Quantifying the impact of infiltration on dune erosion under waves and surge
By the year 2100, Australian infrastructure valued at more than $226 billion will be vulnerable to erosion from waves and sea level rise. With beaches also playing a key role in tourism and sandy coastal dunes supporting important biodiverse environments, effective coastal management and planning is critical.
An international team of researchers, led by UNSW’s Kristen Splinter and Ian Turner, is responding to this challenge by studying the impact of water infiltration and soil moisture content on actively eroding coastal dunes.

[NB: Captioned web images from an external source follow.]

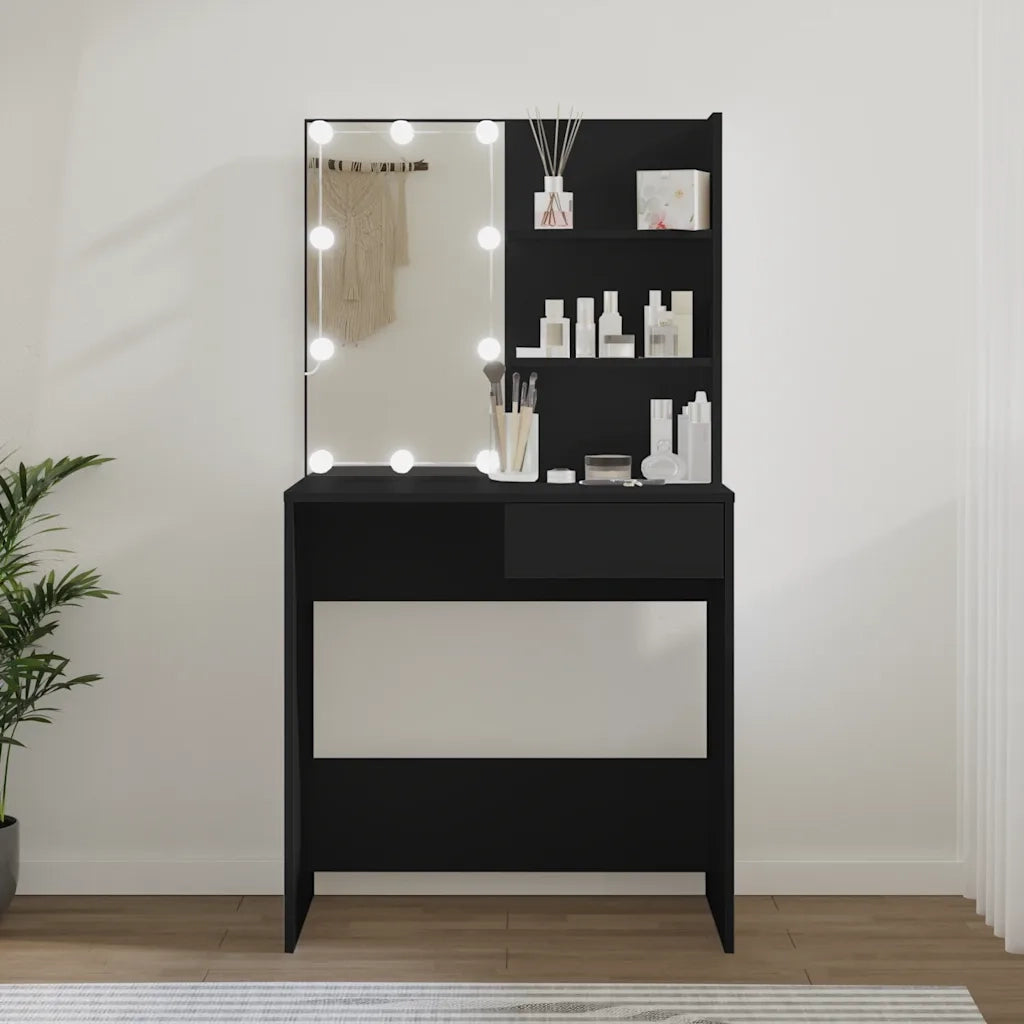 Toeletta con LED Nera 74,5x40x141 cm 808802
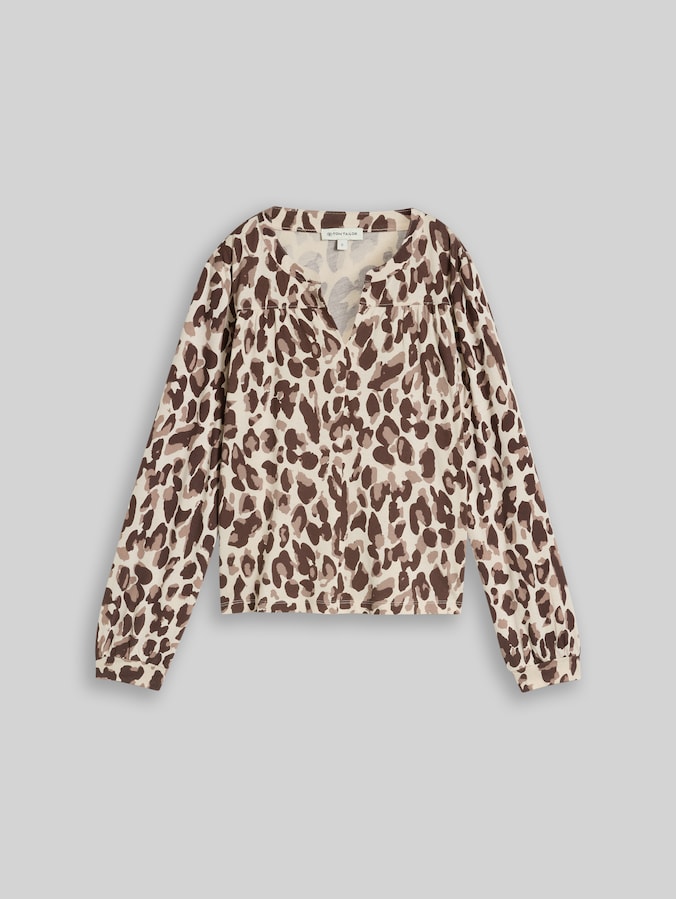 Blusenshirt mit Muster von Women, brown beige leo print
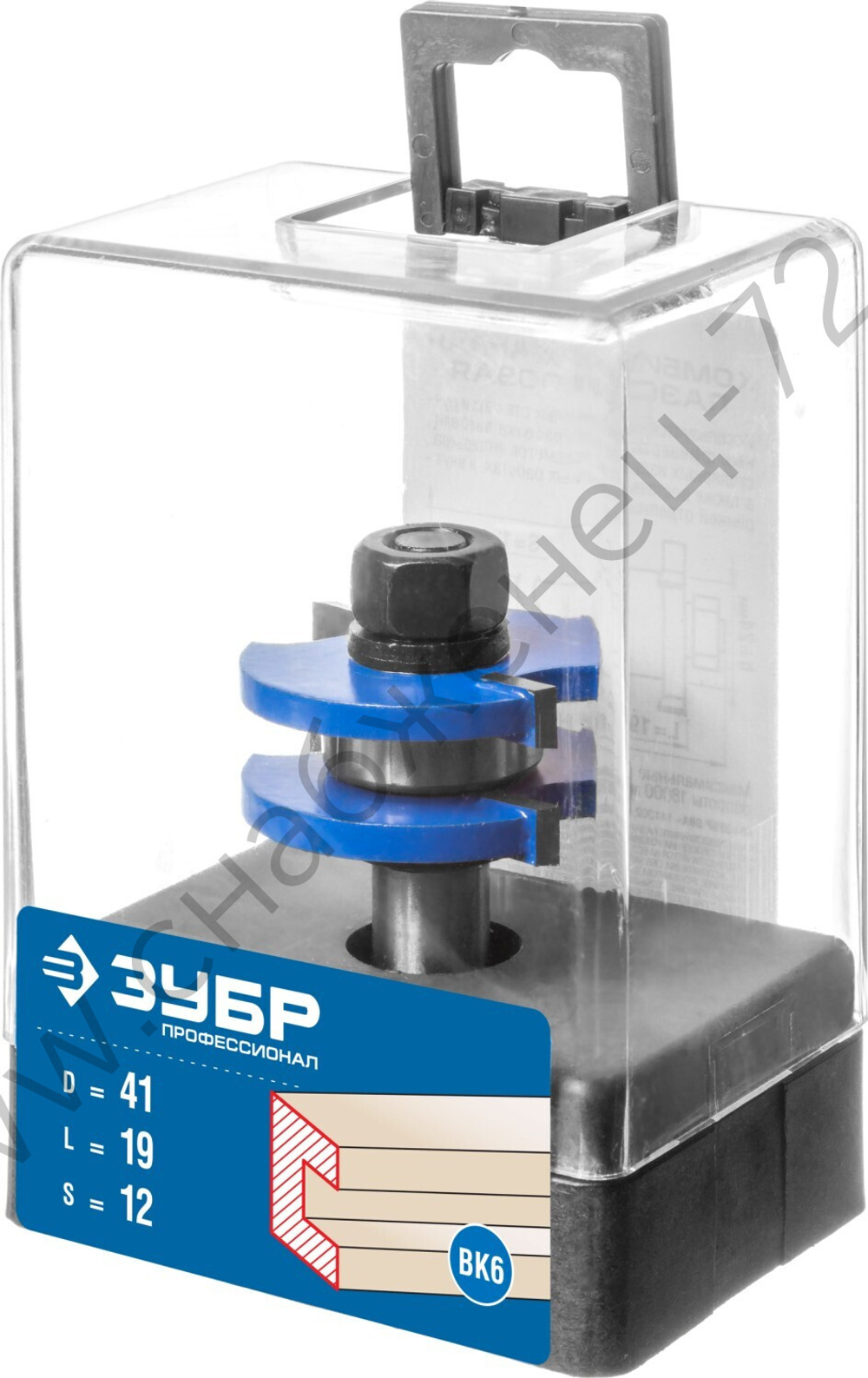 ЗУБР 41x19мм, хвостовик 12мм, фреза комбинированная пазо-шиповая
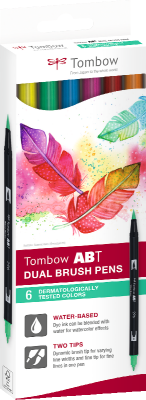 SET 6 COULEURS TESTEES DERMATOLIGIQUEMENT ABT DUAL BRUSH PEN TOMBOW 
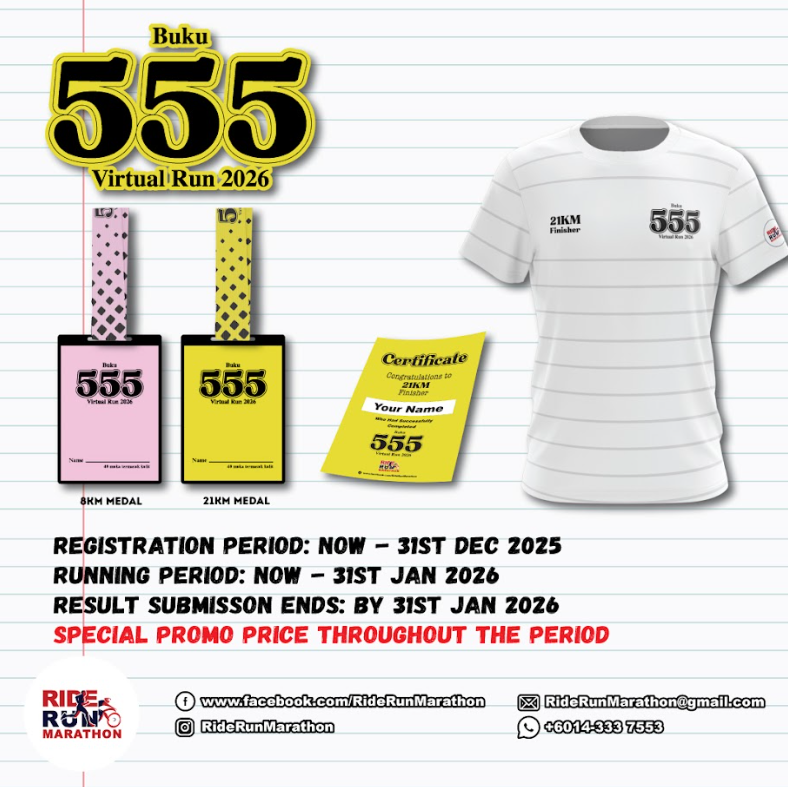 Buku 555 Virtual Run 2026 banner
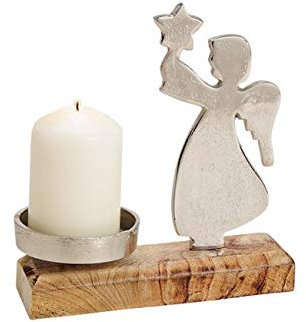 Belladecora Kerzenhalter aus Metall, Mango Holz Engel Dekor Silber (B/H/T) 19x18x5cm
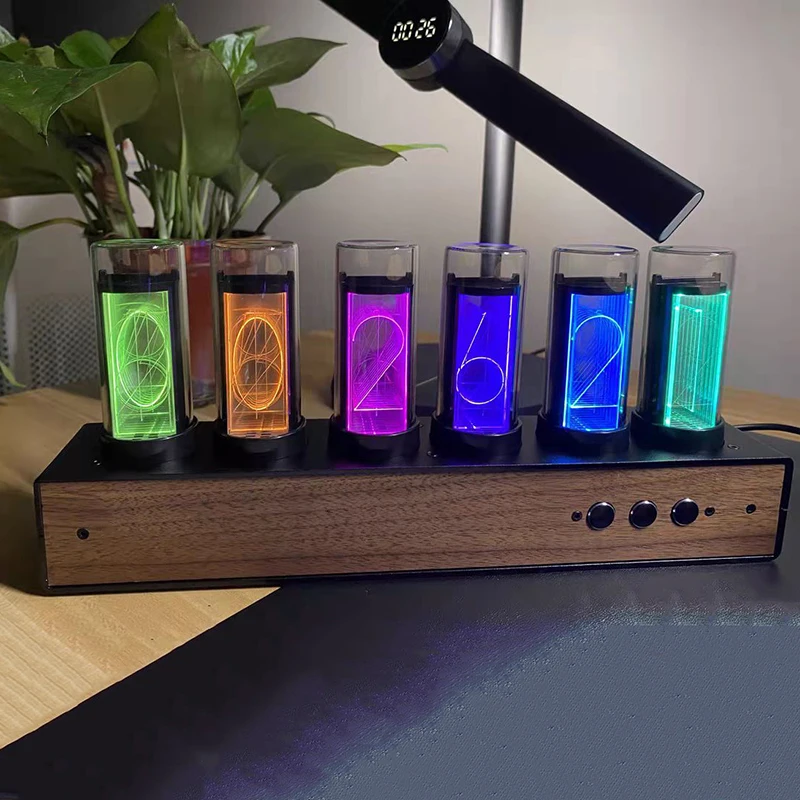 Роскошные цифровые часы светящаяся трубка RGB-подсветка настольные креативные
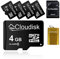 Cloudisk 5Pack 4GB Micro SD Karte 4 GB MicroSD Speicherkarte Class6 mit Kartenleser und SD Adapter, Bulk Sale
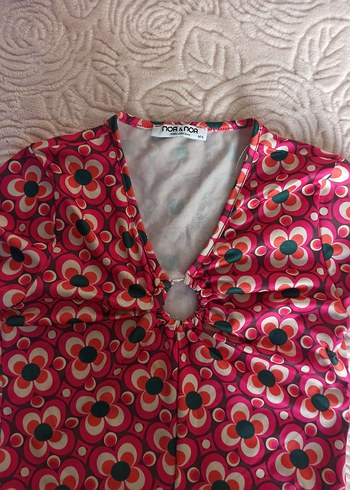 V Yaka, Düğmeli, Baskılı Bohem  krop Bluzu - Görsel 5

UNSW Civil and Environmental Engineering PhD Candidate Stefano Conti and Taste of Research Students Emily Booth and Dominique Djaidiguna have been busy over the summer as Sydney emerges from lockdown, spending time in the labs at UNSW’s Water Research Laboratory. Through a series of controlled laboratory experiments, the team is using innovative instrumentation to obtain continuous measurements of wave-dune interactions, dune profile evolution, and water infiltration to generate much-needed understanding of fundamental dune erosion processes.
Project collaborators include Dr. Margaret Palmsten (United States Geological Survey) and A/Prof Giovanni Coco (University of Auckland). This project is funded through the Australian Research Council Discovery Program.